Catalyst 9500 and StackWise Virtual

Hi chaps. Fisrt of all, I would like to apologize for lack of activity on this blog. The company where I work was hit by NotPetya ransomware last summer. As a result, we worked absolutely crazy hours for many months to recover all our services and secure our network. I simply had no spare time to contribute to this blog. Anyway, things are much more stable and steady now, so I will try to get back to my hobbies.

Today I would like to give you a brief overview of StackWise Virtual technology, which Cisco has introduced in Denali 16.3.3 IOS-XE.

Originally, only Catalyst 3850 48XS switching platform supported this feature. At the moment of writing of these notes, Cisco announced support of the feature across all Catalyst 9500 series.

So, what is it then?

StackWise Virtual is basically a new name for well-known Virtual Switching System (VSS) feature. Cisco simplified VSS and named it differently. This is how SWV was born 😀

First of all, let’s cover main components of StackWise Virtual or Virtual Switching System technologies. From now on I will refer to both technologies as SWV (this post is about SWV after all)

  • SWV Domain – this is basically an ID of virtual entity, can be anything from 1 to 255, but both switches must have an identical ID, or SWV won’t be formed;
  • SWV Link – logical link that interconnects switches in SWV Domain. It is used to synchronize stateful information between Active and Hot-Standby switches, as well as forward data. SWV Link can be made of multiple physical interfaces, normally 2 or 4 (up to 8). It uses Port-Channel 128, which is reserved for this use case. This link is solely used by NSF and SSO protocols. All data sent over this link is being encapsulated using 64-bytes long SWV Header (SVH).
  • SWV Dual Active Detection Link – this link is required to detect Dual Active scenario, when SWV Link fails, but both switches are alive. If such condition occurs both switches take over Active Supervisor’s role. This is bad, ok? Hence, a dedicated link is used to provide heartbeat functionality. Note! Latest IOS-XE versions support Dual Active Detection over ePAgP MEC (see below).

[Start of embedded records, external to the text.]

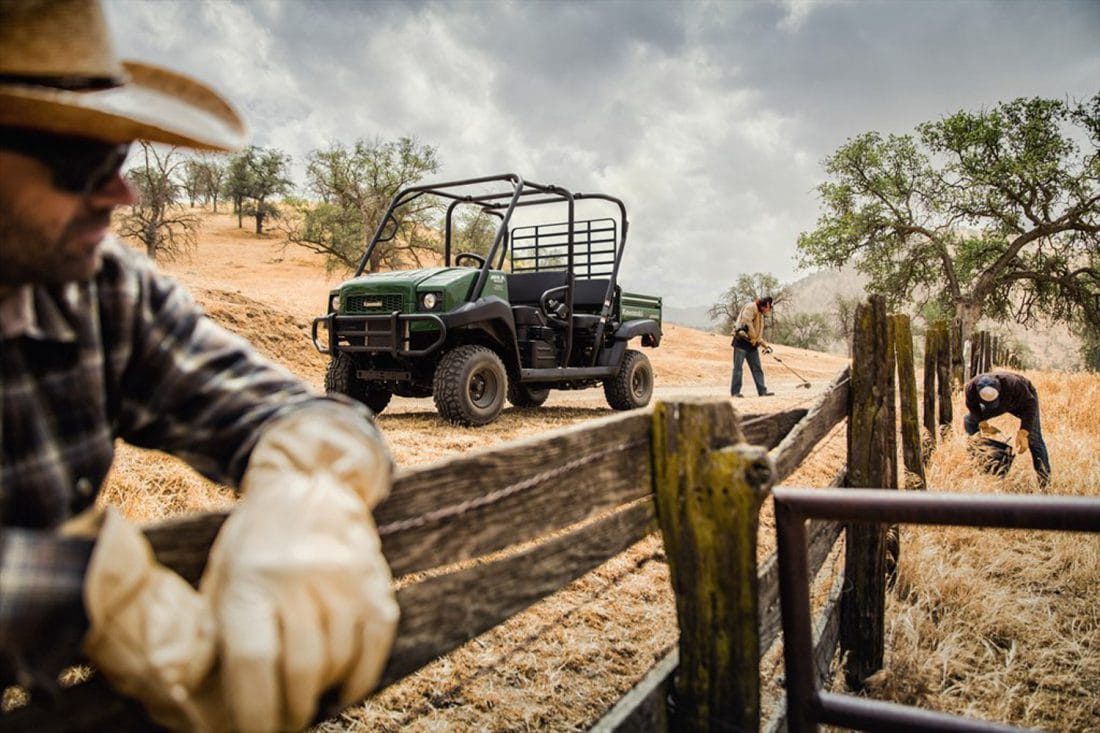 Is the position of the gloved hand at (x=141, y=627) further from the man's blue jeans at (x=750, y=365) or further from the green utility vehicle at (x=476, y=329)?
the man's blue jeans at (x=750, y=365)

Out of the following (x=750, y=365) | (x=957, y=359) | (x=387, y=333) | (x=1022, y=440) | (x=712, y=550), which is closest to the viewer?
(x=712, y=550)

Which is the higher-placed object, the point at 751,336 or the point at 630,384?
the point at 751,336

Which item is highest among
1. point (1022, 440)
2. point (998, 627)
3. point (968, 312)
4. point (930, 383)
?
point (968, 312)

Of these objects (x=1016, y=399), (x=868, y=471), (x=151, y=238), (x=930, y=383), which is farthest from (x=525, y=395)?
(x=151, y=238)

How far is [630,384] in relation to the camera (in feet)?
31.2

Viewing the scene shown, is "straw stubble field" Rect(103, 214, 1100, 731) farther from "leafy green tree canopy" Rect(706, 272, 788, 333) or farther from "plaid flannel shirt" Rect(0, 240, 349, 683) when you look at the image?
"leafy green tree canopy" Rect(706, 272, 788, 333)

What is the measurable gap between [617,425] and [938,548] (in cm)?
352

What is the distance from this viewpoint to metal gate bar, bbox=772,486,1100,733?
1498 millimetres

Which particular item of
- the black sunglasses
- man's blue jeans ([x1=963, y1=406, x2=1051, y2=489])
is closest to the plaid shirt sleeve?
the black sunglasses

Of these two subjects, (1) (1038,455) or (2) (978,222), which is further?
(2) (978,222)

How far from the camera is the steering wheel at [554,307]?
816 centimetres

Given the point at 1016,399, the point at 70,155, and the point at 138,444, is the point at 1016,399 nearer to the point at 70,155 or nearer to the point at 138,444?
the point at 138,444

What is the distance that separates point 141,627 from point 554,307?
25.8ft

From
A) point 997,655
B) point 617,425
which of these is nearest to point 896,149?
point 997,655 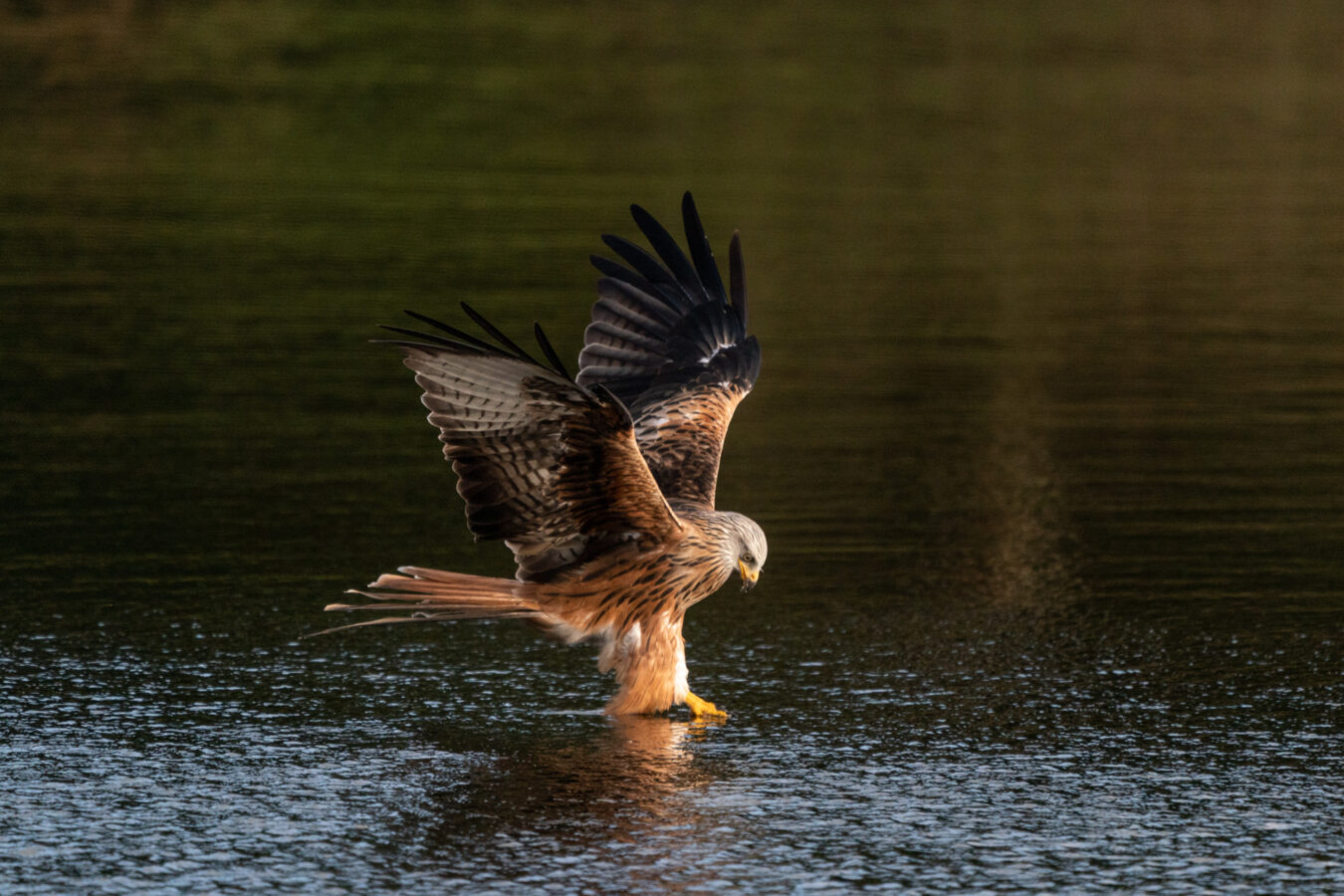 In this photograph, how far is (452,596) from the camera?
268 inches

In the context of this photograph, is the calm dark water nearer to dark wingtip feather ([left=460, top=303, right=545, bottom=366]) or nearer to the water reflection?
the water reflection

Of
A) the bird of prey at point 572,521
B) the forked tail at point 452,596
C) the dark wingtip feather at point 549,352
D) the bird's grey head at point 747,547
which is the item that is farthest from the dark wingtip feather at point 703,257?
the dark wingtip feather at point 549,352

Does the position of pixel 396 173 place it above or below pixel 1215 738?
above

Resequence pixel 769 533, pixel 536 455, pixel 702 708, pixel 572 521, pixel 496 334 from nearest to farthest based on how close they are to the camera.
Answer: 1. pixel 496 334
2. pixel 536 455
3. pixel 572 521
4. pixel 702 708
5. pixel 769 533

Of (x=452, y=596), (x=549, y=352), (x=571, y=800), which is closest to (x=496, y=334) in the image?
(x=549, y=352)

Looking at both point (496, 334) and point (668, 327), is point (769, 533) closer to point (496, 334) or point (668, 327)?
point (668, 327)

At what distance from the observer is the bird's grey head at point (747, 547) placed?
267 inches

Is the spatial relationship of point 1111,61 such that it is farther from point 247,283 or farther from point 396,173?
point 247,283

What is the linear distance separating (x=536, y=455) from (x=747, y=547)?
0.74 m

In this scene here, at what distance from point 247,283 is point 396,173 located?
31.7 feet

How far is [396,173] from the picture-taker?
86.5ft

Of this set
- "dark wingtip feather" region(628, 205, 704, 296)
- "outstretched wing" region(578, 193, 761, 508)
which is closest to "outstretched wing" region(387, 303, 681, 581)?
"outstretched wing" region(578, 193, 761, 508)

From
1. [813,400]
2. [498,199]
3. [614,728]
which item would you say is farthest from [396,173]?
[614,728]

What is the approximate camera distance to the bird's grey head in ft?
22.3
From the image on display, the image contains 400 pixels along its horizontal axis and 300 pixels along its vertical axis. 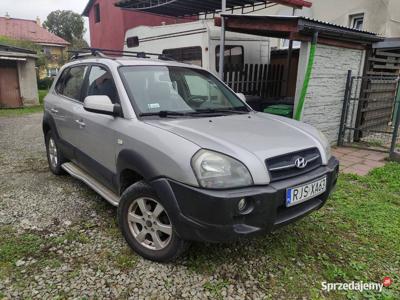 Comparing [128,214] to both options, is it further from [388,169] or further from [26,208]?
[388,169]

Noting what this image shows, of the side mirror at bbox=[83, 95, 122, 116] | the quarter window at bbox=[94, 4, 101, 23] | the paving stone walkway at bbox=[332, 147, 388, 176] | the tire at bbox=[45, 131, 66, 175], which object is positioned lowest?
the paving stone walkway at bbox=[332, 147, 388, 176]

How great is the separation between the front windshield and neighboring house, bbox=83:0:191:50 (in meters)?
9.85

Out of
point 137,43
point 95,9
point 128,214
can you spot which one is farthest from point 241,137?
point 95,9

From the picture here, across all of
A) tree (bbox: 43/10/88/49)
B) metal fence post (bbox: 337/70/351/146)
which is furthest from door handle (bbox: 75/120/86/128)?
tree (bbox: 43/10/88/49)

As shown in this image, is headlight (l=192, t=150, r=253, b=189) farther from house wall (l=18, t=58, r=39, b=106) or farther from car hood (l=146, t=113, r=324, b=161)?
house wall (l=18, t=58, r=39, b=106)

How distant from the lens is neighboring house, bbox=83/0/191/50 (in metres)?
14.1

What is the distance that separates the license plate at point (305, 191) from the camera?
2.37 m

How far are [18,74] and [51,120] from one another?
1239cm

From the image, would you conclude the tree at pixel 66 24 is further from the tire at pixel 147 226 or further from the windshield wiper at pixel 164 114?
the tire at pixel 147 226

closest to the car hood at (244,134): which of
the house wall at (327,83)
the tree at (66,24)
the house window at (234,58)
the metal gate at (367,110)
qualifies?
the house wall at (327,83)

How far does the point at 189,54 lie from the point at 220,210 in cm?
596

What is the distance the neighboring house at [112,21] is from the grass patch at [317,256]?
439 inches

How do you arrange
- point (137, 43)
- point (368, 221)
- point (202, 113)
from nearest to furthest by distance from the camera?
point (202, 113), point (368, 221), point (137, 43)

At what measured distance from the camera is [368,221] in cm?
352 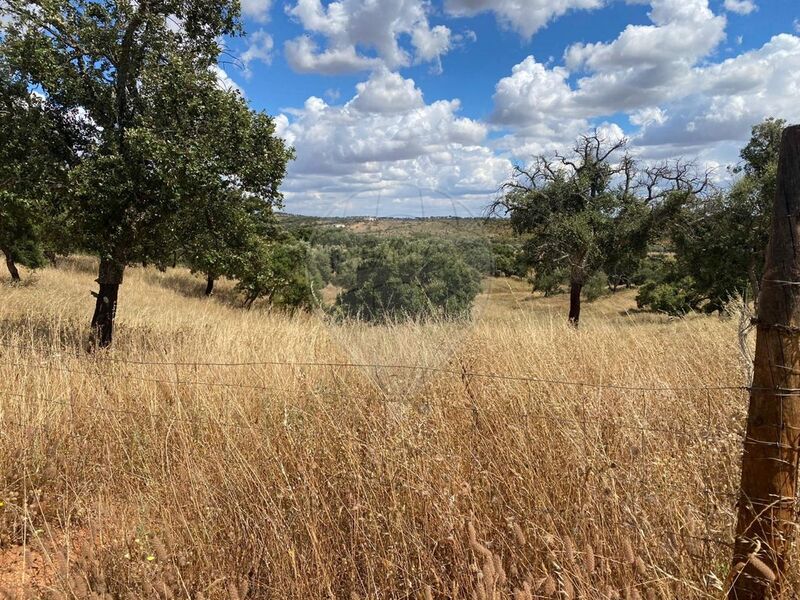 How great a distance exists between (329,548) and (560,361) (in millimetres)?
3876

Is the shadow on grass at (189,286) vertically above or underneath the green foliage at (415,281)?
underneath

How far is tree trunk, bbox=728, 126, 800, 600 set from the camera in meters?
1.94

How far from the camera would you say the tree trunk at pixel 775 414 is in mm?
1940

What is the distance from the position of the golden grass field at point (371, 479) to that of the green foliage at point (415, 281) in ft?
0.55

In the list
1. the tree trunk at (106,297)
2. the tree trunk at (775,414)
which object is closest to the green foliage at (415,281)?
the tree trunk at (775,414)

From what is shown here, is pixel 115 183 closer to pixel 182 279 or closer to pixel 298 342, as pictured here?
pixel 298 342

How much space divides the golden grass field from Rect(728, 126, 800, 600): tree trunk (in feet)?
0.68

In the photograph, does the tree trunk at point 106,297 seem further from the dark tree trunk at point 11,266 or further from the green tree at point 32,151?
the dark tree trunk at point 11,266

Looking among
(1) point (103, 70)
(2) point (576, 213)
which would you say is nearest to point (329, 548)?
(1) point (103, 70)

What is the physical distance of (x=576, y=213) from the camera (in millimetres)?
22688

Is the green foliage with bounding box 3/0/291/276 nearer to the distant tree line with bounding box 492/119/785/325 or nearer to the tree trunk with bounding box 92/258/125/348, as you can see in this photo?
the tree trunk with bounding box 92/258/125/348

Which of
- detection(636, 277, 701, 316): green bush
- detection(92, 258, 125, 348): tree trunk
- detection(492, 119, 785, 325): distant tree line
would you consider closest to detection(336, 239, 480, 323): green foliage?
detection(92, 258, 125, 348): tree trunk

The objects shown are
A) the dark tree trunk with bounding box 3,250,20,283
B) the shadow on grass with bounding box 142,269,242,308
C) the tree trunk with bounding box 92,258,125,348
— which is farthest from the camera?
the shadow on grass with bounding box 142,269,242,308

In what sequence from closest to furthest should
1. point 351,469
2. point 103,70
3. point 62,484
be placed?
point 351,469 < point 62,484 < point 103,70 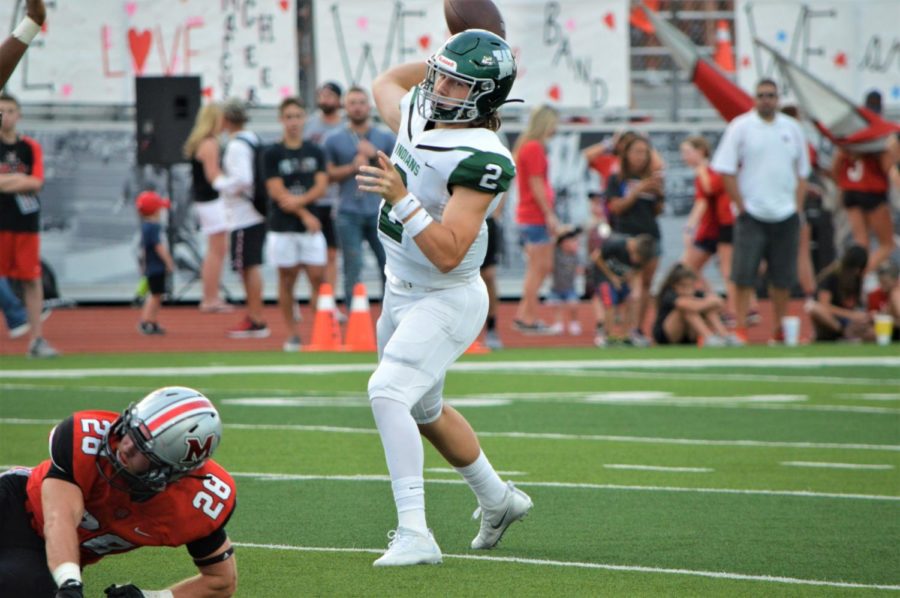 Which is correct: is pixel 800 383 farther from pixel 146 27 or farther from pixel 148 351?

SWV combines two (and only two) physical switches into one single logical entity. Hence the new name – StackWise Virtual. It literally looks like two switches have been stacked using fiber cables instead of Cisco’s StackWise-480 option. One switch becomes Active Supervisor, which is responsible for all Management and Control functions (L2 and L3 protocols). Both switches perform forwarding functions though. One of the biggest differences as opposed to standard StackWise-480, is ring’s bandwidth. Cisco StackWise-480 technology on Catalyst 3850 and Catalyst 9300 switches offers 480Gbps of ring’s bandwidth (speed of backplane). It’s practically impossible to achieve the same with SWV. For example, Catalyst C9500-24Q switch has 24 40Gbps ports. It is very likely that 2 or maximum 4 ports will be allocated for SWV link. This results into maximum virtual ring bandwidth of 160Gbps.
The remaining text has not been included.